I don't see AV processors becoming mainstream (affordable) compared to AVRs at all.
I think Marantz is the last mass market manufacturer to keep a processor in the lineup.


----------



## vidiot33 (Dec 12, 2013)

Yamaha also has a stand alone processor, but both the Marantz and the Yamaha costs far more than their top of the line receivers. Here's to hoping we see more affordable processors in the near future.


----------



## WLDock (Dec 19, 2009)

Here is how I see it.

Separates have always been a company's more expensive top offering in technology, design, construction, etc.

Companies like Emotiva for example built their business on affordable separates. However, so far their Pre/Pro have not been cutting edge and some of their amps don't impress many in the small Audiophile community. Of course their customers don't agree.

One has to draw the line and define where you stand. 

If one is willing to spend $8K on a seven channel amp, how much are you willing to spend on a preamp? There are $8K-$20K preamps out there! or will a $5k, $2.5K, or $539 preamp be good enough? Garbage in Garbage out right? Why mate a $539 preamp with an $8K amp?

So, the lesson is.....if one wants to chase the A/V game and have the latest and greatest features EVERY year, it will cost! 

1) Don't spend money on a top amp if the cheap receiver or Pre/Pro you plan to use to drive it does not have the needed signal and resolution that a top Pre/Pro would have.

2) Don't buy a top amp and Pre/Pro just to sell the Pre/Pro in two years at a huge loss because you want the latest features. Chances are you are going to want another expensive top Pre/Pro?
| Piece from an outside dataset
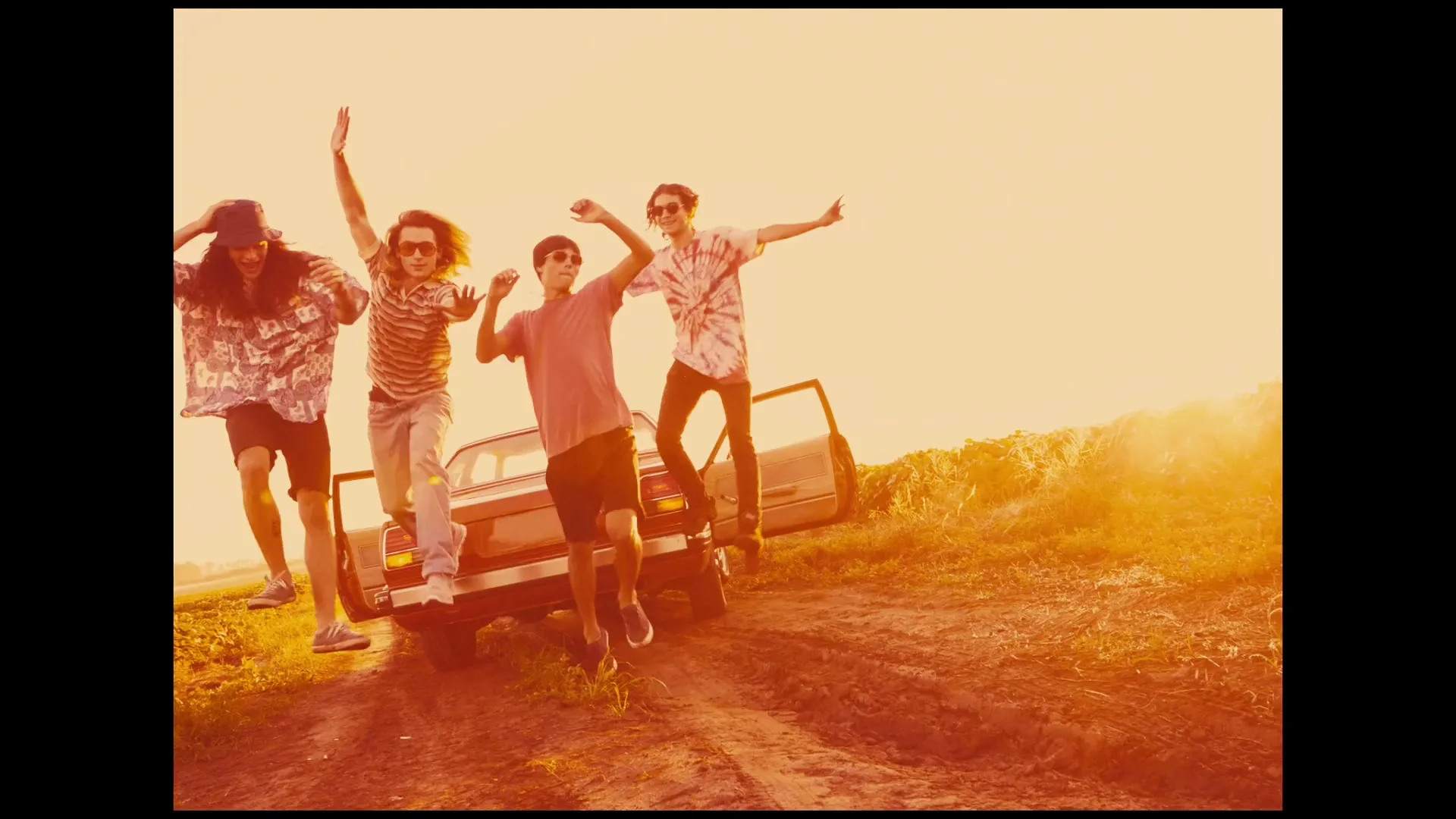 Four young men in casual clothes jump out of a car on a dirt road in a field at sunset, looking joyful.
Do find a middle road where PRICE, PERFORMANCE, and UPGRADE path makes fiscal sense. 
- Some will spend $2.5K on a Pre/Pro and $8K on a 7 ch amp. $10.5K
- Some will spend $5K on a Pre/Pro and $1.5K on a 7 ch amp. $6.5K
- Some will spend $2.5k on a Pre/Pro and $2.5K on a 7 ch amp. $5K
- Some will spend $1K on a receiver and $1.5K on a 7 ch amp. $2.5K

Which system performs the best? Which system is the better value? Which system is cheaper to upgrade to the latest and greatest.

Do what makes sense to YOU and YOUR budget! If saving money and 4K are important to you....don't JUMP on the bandwagon right away. Keep what you have for a year or so more and let the market develop.


----------



## istvan (Jul 5, 2013)

I have a Yamaha HTR-5640 with 6 channels at 75 watts per channel I use for my lows (about a 100$) . I have an Integra 7.1 in the closet (has a "funky" channel) that can push 250W into 6 channels (about 200$) You can get integrated amps used these days for next to nothing. If you don't mind a little more heat and power consumption the old amps can blow some of these new D-class amps away in specs. I don't use any of the decoding features. I do use some of the EQ features to remove the higher frequencies. I just use the amp portion.


----------



## tonyvdb (Sep 5, 2007)

istvan said:


> I have a Yamaha HTR-5640 with 6 channels at 75 watts per channel.....I have an Integra 7.1 in the closet (has a "funky" channel) that can push 250W into 6 channels


The only issues with using a reciver for a multi channel amp is that they do not output anywhere near their rated output driving all channels. you can usually drop those numbers by about 40%


> the old amps can blow some of these new D-class amps away in specs.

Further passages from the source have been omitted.